この写真は僕が2007年の8月に近所で撮ったもので、道路標識か何かの柱に巻かれていた世田谷区の区章だ。結論から言ってしまうと、この区章は素敵だ。フィッシュマンズのアルバムに「宇宙 日本 世田谷」というのがあるらしい。僕はそのアルバムを聴いたことがないけれど、世田谷(区章)の強さを宣言している点において大賛成だし、それがために聴いてみてもいいと思う。さて、その世田谷(区章)がついに英国ウェストミンスター(市章?)を打ち破った。もちろん、道路標識か何かの柱の話だ。
これは5月にロンドンで撮った写真で、電柱に浮き彫りにされた模様だ。"W"に見えるので、そうだとしたら、これはウェストミンスター市を示すのではないかというのが僕の推論だ。ただのニョロニョロかも知れない。ただし、いずれにせよ、支柱の装飾としては世田谷の方が上出来だ。
もちろん、ウェストミンスター(だということにしよう)の、鋳造や色彩の重厚さは圧倒的だ。ニョロニョロした"W"(だということにしよう)さえ、「イニシャルでわかるだろう」と言わんばかりの威圧がある。けれど、そこにはどこか自己満足的な、ともすると独り相撲的な、そういう権威を感じてしまう。
対して、世田谷のトゲトゲには、そういった現世的な自己顕示がない。区の説明では「外輪の円は区内の平和、中心は「世」の文字が三方に広がり、人びとの協力と区の発展を意味しています。 」とのことだけれど、「世」の文字は極限まで抽象化され、垂直に交わる直線の印象を辛うじて留めるまでに至っている。その形而下の印象の向こうには、「平和」や「協力」・「発展」といった普遍的な想念が織り込まれている。

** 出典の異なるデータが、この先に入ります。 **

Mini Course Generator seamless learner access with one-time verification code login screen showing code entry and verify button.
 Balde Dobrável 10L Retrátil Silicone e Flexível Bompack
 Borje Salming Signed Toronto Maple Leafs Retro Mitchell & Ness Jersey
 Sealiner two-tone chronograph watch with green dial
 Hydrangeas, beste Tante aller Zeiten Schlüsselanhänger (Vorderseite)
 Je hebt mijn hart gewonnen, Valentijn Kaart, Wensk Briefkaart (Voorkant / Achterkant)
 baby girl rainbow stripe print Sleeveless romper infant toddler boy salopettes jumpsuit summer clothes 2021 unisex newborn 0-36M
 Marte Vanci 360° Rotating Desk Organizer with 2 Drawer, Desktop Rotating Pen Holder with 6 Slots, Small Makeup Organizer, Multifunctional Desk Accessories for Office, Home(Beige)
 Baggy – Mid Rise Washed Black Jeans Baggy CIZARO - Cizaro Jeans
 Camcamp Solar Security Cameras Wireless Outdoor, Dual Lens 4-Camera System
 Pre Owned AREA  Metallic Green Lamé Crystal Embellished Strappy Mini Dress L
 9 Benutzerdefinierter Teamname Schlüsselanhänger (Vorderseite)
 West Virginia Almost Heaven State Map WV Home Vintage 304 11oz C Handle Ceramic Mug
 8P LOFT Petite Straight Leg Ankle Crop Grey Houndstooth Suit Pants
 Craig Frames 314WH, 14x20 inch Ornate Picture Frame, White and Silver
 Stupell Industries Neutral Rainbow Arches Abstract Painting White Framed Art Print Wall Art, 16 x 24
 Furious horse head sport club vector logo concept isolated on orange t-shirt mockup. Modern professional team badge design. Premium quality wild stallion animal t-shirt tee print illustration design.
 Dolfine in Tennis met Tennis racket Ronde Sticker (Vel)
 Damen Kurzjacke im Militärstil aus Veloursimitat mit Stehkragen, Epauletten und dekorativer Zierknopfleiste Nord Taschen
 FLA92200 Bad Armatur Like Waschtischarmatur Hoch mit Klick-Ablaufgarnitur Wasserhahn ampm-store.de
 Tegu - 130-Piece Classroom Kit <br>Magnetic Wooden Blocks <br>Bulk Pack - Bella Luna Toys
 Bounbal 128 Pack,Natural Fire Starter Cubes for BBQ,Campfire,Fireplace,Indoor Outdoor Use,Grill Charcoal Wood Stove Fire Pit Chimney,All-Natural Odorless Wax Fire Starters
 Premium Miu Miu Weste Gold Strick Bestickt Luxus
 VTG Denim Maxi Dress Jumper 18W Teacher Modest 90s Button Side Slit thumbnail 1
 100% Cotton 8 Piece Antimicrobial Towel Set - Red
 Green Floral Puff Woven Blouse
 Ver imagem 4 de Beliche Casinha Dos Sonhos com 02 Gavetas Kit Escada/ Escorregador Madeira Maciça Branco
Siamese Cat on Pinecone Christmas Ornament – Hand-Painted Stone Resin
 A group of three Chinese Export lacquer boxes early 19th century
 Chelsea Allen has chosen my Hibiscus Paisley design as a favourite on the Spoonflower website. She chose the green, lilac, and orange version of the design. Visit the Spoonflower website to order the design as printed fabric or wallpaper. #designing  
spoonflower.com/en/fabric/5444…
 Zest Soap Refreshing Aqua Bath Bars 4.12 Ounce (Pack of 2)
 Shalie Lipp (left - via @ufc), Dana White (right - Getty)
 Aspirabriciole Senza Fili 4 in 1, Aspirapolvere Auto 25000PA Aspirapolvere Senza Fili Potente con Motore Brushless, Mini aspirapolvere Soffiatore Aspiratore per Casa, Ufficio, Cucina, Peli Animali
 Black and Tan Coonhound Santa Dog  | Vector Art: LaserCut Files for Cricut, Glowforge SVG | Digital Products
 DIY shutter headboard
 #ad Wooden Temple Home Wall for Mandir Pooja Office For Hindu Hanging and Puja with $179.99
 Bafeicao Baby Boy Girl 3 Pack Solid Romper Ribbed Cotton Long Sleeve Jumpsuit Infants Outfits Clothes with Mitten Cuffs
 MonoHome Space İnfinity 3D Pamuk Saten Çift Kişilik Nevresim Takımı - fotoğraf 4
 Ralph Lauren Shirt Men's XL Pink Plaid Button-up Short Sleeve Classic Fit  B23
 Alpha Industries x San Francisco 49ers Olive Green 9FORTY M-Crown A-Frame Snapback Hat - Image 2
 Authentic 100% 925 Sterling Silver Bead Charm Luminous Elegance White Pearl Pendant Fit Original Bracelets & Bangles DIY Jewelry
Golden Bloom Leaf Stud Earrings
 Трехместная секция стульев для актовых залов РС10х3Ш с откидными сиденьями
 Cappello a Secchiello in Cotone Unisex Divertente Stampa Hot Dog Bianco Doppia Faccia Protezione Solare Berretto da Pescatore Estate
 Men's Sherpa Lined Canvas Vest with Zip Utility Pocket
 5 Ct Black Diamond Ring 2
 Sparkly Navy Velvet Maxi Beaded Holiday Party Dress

もちろん、デザインの後講釈などただの飛型点だ。本当の飛距離は、実は素材という時代性にある。世田谷のトゲトゲは反射性の「キラ」でできていて、それはポスト・ビックリマン世代の現代においては権威の象徴にほかならない。ケータイがスワロフスキーのクリスタルを従える現代の文脈で、あるいはその出現以前に、区章が「キラ」で飾られている。対するウェストミンスターのレリーフは華麗ながらも古代エジプト文明の借用でしかない。英国博物館の歴史的所蔵物が、結局のところ借り物ばかりであるのにも似ている。
もちろん、世田谷が英国のいち行政単位を凌駕したところで、区民にとっては小さな一歩かも知れない。けれども、明日またロンドンに行く僕にとっては重要な確認事項だ。エリンギのソテーと、ピーマンとベーコンの炒め物を適当につくり日本酒で晩酌をして上機嫌の世田谷の僕が、ベートーヴェンの交響曲に勢いを借りて言うのだから、これはほぼ間違いない(という可能性がある)。ロンドンでは強気で行く。キラのシールの現代日本から、レリーフの鋳物の英国と対等の事業を提案しよう。なにしろ、2008年ですから。